A daily handful of walnuts – and especially in addition to some other healthy foods – may help to offset some of the impacts of the junk-food diets too often consumed by millions of people, new research suggests.
A study done with mice and just published in the Journal of Nutrition found that consumption of walnuts, a known health-boosting food rich in omega-3 fatty acids, had a particular ability to improve the metabolisms of obese mice that were fed an unhealthy, high fat, high-sugar diet.
Adding other healthy whole foods from plants, like raspberries, cherries or green tea, made the effects even more significant.
Neil Shay, in the College of Agricultural Sciences at Oregon State University, said further study is needed, but the findings suggest that eating modest helpings of walnuts together with other whole foods could help lower a person’s risk of heart disease and diabetes.
The mice’s diet was the equivalent of the cheeseburger-fries-and-soda diet that’s contributing to rising obesity among humans, said Shay. Another group of mice received a regular low-fat diet as a control. The study was funded by the California Walnut Commission.

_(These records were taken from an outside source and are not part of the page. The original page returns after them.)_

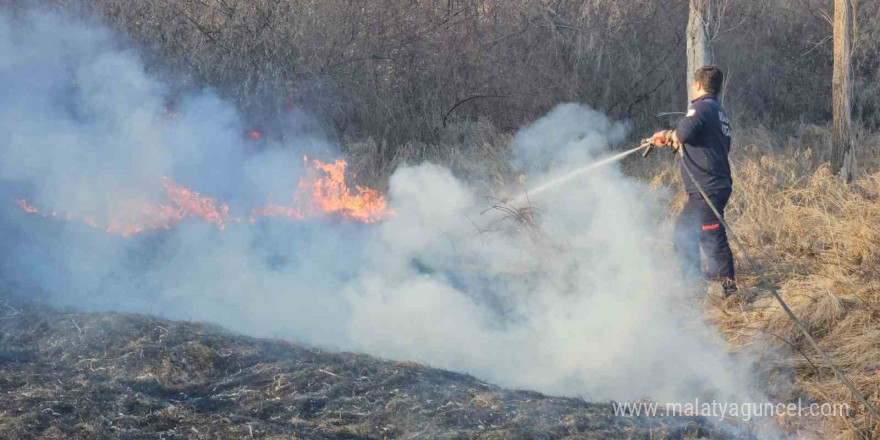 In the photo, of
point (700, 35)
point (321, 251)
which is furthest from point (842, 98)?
point (321, 251)

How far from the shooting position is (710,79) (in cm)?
667

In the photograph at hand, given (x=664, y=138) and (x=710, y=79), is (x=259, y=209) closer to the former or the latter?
(x=664, y=138)

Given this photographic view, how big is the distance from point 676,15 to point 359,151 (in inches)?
245

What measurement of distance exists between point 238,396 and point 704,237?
13.3ft

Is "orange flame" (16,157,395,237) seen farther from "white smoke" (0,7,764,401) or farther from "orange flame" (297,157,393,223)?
"white smoke" (0,7,764,401)

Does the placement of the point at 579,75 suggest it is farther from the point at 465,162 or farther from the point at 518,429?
the point at 518,429

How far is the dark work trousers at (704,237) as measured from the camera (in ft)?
22.0

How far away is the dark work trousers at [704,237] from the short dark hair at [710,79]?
85 centimetres

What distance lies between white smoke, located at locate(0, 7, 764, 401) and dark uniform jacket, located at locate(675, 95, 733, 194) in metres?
1.01

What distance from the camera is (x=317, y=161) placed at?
974 cm

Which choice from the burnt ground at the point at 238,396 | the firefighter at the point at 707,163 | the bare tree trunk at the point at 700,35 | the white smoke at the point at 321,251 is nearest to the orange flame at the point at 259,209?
the white smoke at the point at 321,251

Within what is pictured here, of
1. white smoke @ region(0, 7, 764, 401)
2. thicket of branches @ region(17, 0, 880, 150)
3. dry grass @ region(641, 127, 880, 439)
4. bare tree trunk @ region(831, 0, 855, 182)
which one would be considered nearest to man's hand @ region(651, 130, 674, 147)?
white smoke @ region(0, 7, 764, 401)

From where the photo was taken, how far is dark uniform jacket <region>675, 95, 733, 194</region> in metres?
6.55

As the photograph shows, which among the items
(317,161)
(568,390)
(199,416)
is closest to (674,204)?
(568,390) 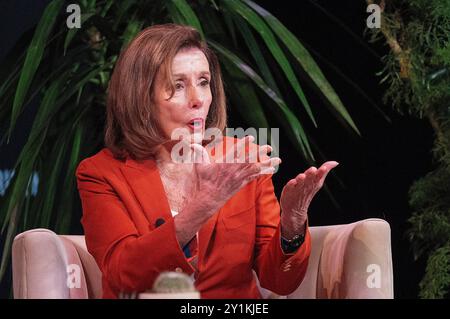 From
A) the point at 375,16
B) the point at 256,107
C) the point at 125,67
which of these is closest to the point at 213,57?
the point at 125,67

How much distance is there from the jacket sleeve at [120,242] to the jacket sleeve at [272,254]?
0.61ft

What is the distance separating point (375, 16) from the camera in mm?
2615

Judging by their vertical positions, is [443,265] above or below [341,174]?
below

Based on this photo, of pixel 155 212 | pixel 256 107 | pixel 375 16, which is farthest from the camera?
pixel 375 16

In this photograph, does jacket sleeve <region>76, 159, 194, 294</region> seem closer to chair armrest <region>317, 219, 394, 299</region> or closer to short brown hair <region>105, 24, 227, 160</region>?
short brown hair <region>105, 24, 227, 160</region>

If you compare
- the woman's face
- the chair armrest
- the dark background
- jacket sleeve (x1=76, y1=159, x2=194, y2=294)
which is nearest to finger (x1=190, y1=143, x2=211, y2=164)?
jacket sleeve (x1=76, y1=159, x2=194, y2=294)

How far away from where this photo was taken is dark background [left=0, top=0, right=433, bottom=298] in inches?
106

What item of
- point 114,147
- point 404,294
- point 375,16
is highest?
point 375,16

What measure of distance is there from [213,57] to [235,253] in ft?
1.48

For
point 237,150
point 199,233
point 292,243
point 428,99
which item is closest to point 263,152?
point 237,150

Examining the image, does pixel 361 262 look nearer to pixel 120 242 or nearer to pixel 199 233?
pixel 199 233

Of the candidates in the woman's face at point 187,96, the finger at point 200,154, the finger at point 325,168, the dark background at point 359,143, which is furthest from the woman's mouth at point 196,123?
the dark background at point 359,143

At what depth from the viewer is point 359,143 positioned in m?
2.70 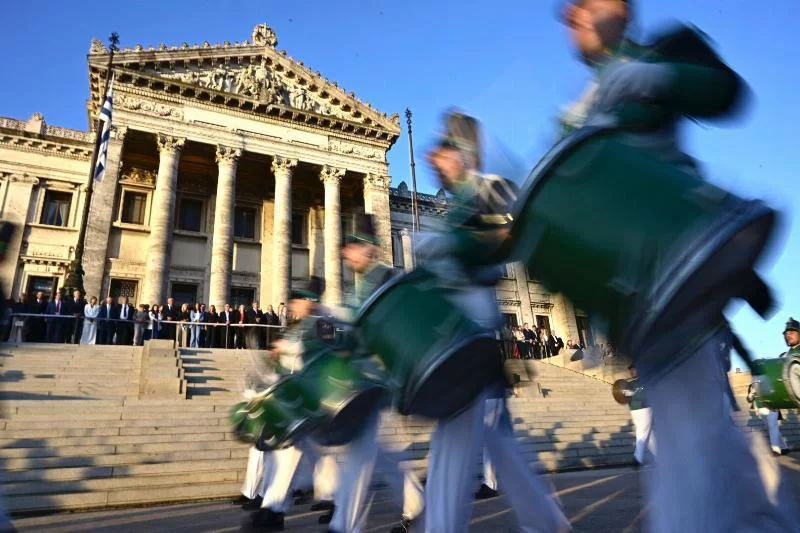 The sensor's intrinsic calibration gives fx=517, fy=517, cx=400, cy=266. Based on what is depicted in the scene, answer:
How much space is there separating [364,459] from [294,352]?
1.50 m

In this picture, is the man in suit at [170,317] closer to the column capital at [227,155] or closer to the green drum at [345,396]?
the column capital at [227,155]

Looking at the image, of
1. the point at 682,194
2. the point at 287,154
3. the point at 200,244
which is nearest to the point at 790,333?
the point at 682,194

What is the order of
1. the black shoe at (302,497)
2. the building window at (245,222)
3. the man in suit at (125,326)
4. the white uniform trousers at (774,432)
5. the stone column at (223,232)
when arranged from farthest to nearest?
the building window at (245,222)
the stone column at (223,232)
the man in suit at (125,326)
the white uniform trousers at (774,432)
the black shoe at (302,497)

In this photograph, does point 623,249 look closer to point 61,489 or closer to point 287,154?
point 61,489

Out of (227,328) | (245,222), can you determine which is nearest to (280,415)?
(227,328)

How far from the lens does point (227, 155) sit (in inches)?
1032

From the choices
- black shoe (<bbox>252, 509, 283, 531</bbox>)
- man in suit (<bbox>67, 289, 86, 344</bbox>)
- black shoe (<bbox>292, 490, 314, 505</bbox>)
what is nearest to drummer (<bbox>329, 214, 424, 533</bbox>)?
black shoe (<bbox>252, 509, 283, 531</bbox>)

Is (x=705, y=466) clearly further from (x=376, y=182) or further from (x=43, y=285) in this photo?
(x=43, y=285)

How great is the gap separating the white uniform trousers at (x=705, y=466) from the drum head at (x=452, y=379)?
35.2 inches

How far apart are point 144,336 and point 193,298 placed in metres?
9.87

Shay and his team reported that mice eating walnuts had more of the “good” inflammation-reducing fatty acids in their blood at the end of the nine-week study, and much less fat in their livers, than mice that ate the high-fat diet alone.
“Walnuts alone had a good effect when they were part of the high-fat diet,” Shay said. “But adding some of the other foods produced additional benefits,” such as boosting the levels of anti-inflammatory compounds in the mice’s blood by as much as 50 percent, and reducing levels of pro-inflammatory compounds.
These health benefits occurred at a reasonable level of consumption, said Shay—the human equivalent of about one and a half servings a day. And the mice didn’t have to slim down. The walnut-fed mice ate just as many calories as their non-walnut-eating counterparts, and they didn’t lose weight.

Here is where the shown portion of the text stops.